Stored data:

+ + +

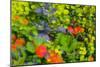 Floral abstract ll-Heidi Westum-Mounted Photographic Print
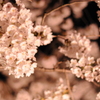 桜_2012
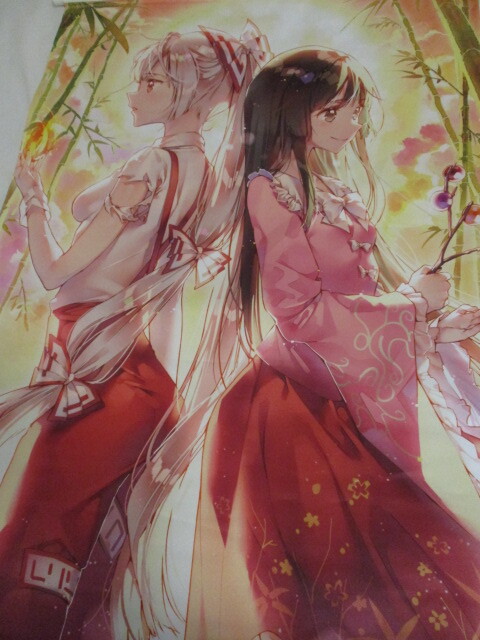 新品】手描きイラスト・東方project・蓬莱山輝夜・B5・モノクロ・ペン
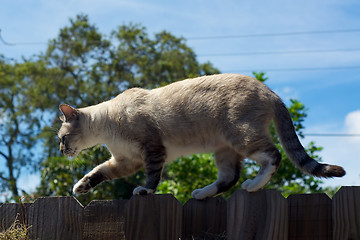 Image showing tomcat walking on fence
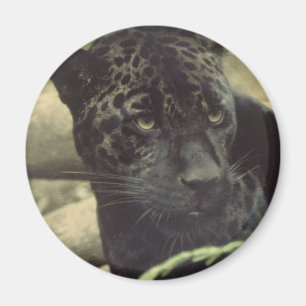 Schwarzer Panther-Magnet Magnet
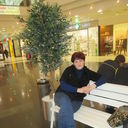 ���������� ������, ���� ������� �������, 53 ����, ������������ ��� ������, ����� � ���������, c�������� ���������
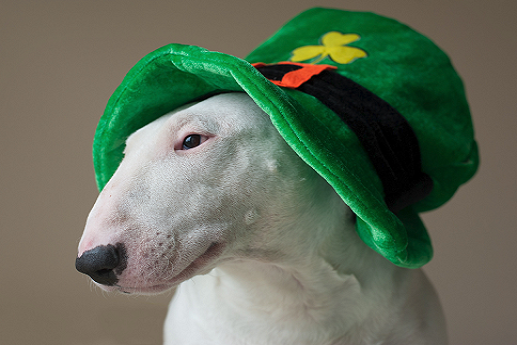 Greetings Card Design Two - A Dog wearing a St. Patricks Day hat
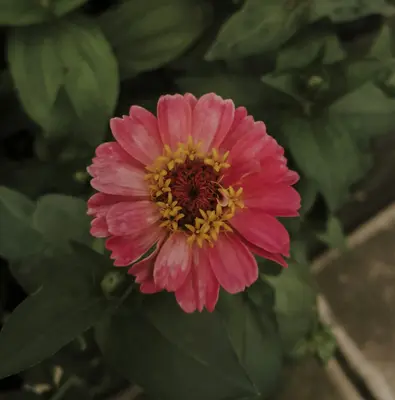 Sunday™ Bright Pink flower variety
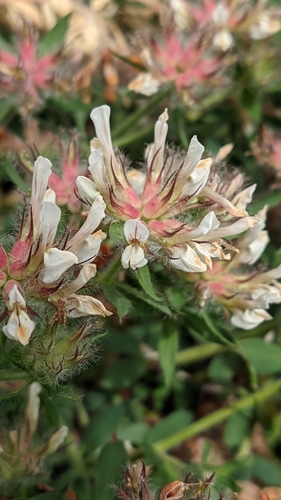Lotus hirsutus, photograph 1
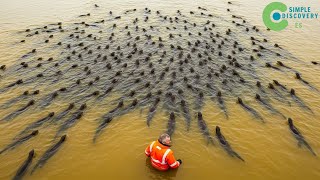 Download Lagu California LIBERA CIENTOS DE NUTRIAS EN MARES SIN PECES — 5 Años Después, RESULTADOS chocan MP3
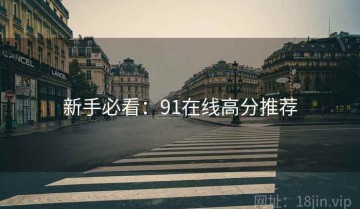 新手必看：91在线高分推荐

+ + +

Could you repeat each line above exactly as written? Omit the pictures.

**Written solution:**
 Floral abstract ll-Heidi Westum-Mounted Photographic Print
 桜_2012
 新品】手描きイラスト・東方project・蓬莱山輝夜・B5・モノクロ・ペン
 Image showing tomcat walking on fence
 Schwarzer Panther-Magnet Magnet
 ���������� ������, ���� ������� �������, 53 ����, ������������ ��� ������, ����� � ���������, c�������� ���������
 Greetings Card Design Two - A Dog wearing a St. Patricks Day hat
 Sunday™ Bright Pink flower variety
Lotus hirsutus, photograph 1
 Download Lagu California LIBERA CIENTOS DE NUTRIAS EN MARES SIN PECES — 5 Años Después, RESULTADOS chocan MP3
 新手必看：91在线高分推荐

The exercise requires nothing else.